[WHAT YOU SHOULD DO] A complete and exact copy of the data below is the task.

[COLLECTED DATA]
-- Opening Marker --

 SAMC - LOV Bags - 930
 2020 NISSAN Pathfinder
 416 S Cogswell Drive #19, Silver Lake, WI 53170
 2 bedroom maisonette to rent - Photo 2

-- Closing Marker --

[RESULT OF THE TASK]
 SAMC - LOV Bags - 930
 2020 NISSAN Pathfinder
 416 S Cogswell Drive #19, Silver Lake, WI 53170
 2 bedroom maisonette to rent - Photo 2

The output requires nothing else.